As the day-long PJM Market Implementation Committee meeting unfolded, the Electric Power Supply Association (EPSA) on Jan. 8 separately published an “explainer” that lays out how the MOPR could affect its members, which are competitive power suppliers that own and operate 150 GW of capacity nationwide.

In its document, EPSA lauded FERC’s action as having helped “resolve regulatory uncertainty and uphold competitive markets.” Addressing industry-wide criticism that the order serves as a “bailout” for fossil generators, EPSA stressed that many of its members, including Vistra Energy, NRG Energy, Calpine, Competitive Power Ventures, BP, and others have adopted emissions reductions goals, joined the Climate Leadership Council, and supported tools such as carbon-pricing to help advance clean energy objectives. “At the national level, EPSA members have invested in generation facilities that today include nearly 4,000 MW of capacity from renewable resources in addition to increasingly efficient natural gas plants,” it noted.

FERC’s order “does not stand in the way of continued renewable integration or our shared environmental goals; it simply directs us to do so using tools consistent with the competitive market,” EPSA said. “We share Americans’ collective goals when it comes to building a reliable, affordable, and clean energy future. That is exactly why we must keep competitive markets intact—well-functioning, transparent, competitive energy markets are the most effective way to encourage sustainable environmental progress without harming reliability or burdening consumers with unneccessarily high costs.”

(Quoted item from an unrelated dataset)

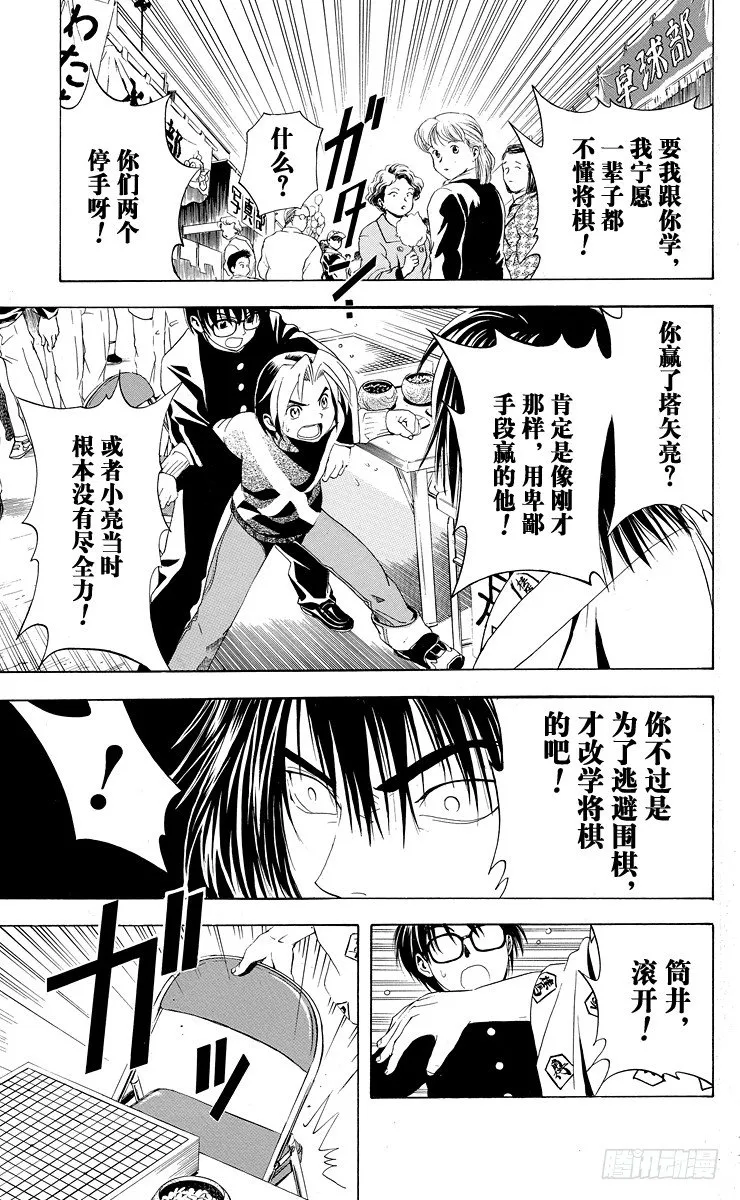 第8局 输给你好吗？ 第16页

EPSA, which has battled a variety of out-of-market interventions in competitive markets across the nation, noted approaches in FERC’s order could be adopted by other U.S. wholesale electricity markets. However, it pointed specifically to California ISO as an example that “reveals the pitfalls of relying on intermittent resources as a substitute for firm capacity.” CAISO, it noted, has been forced to use reliability must run (RMR) contracts to obtain firm capacity as the share of intermittent renewables soar. FERC’s MOPR order “provides a pragmatic approach to avoid the challenges currently being faced by California,” it said.

At PJM, Competitive power suppliers have invested in renewable resources in PJM at their own risk without subsidies or a guaranteed rate of return from customer bills,” said EPSA. However, FERC’s order will only affect the capacity portion of the market for new renewables, which, EPSA said “currently account for a small portion of revenue for those developers.” The order does not apply to existing renewables, whether state-sponsored or not, it noted. Out of 180 GW of generation in PJM, including 15 GW of installed wind and solar capacity, only 2 GW of renewables cleared in the capacity market in the 2018 auction—“accounting for just 1% of capacity being sourced from wind and solar capacity,” it said.

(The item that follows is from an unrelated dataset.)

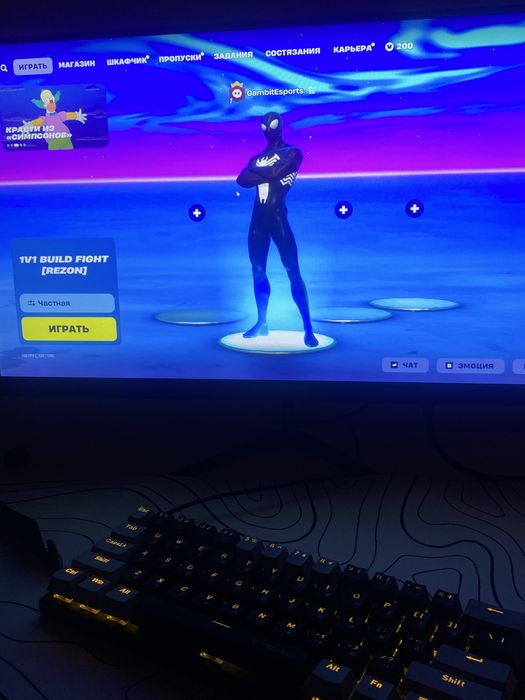 Акаунт фортнайт.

FERC’s order, meanwhile, also applies to any resource receiving a state subsidy, “including outdated, costly nuclear and coal facilities such as those recently granted support in Ohio,” EPSA said. “There already exists a Unit Specific Exemption process that remains in place for resources that believe their true costs, excluding subsidy payments, are below the minimum price floor established by PJM. If a resource’s true cost is below the floor price [the “MOPR level”], those resources may be permitted to offer into the auction at their lower price,” it explained.

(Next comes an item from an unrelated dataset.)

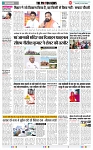 THE PHOTON NEWS (23.06.2025)_page-0005
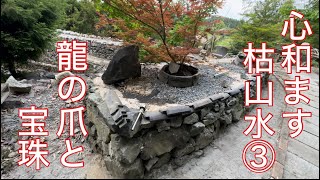 心和ます枯山水庭園③ 「龍の爪と宝珠」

EPSA also rejected criticism that the order infringes on states’ rights. “It does address state policies’ impact on federally regulated wholesale power markets,” it said. “It bears remembering a bit of history when understanding the origins of FERC’s Order. In January 2018, FERC submitted a letter to the 7th Circuit Court of Appeals supporting the Court’s later finding that zero-emission credits (ZECs) did not preempt federal law. However, in that same letter, FERC argued that the appropriate place to mitigate the effects of state subsidies was in the FERC jurisdictional markets. So, while the ZECs and other subsidies may be legal, FERC still has a mandate to ensure that the wholesale market is just and reasonable. The FERC Order does just that.”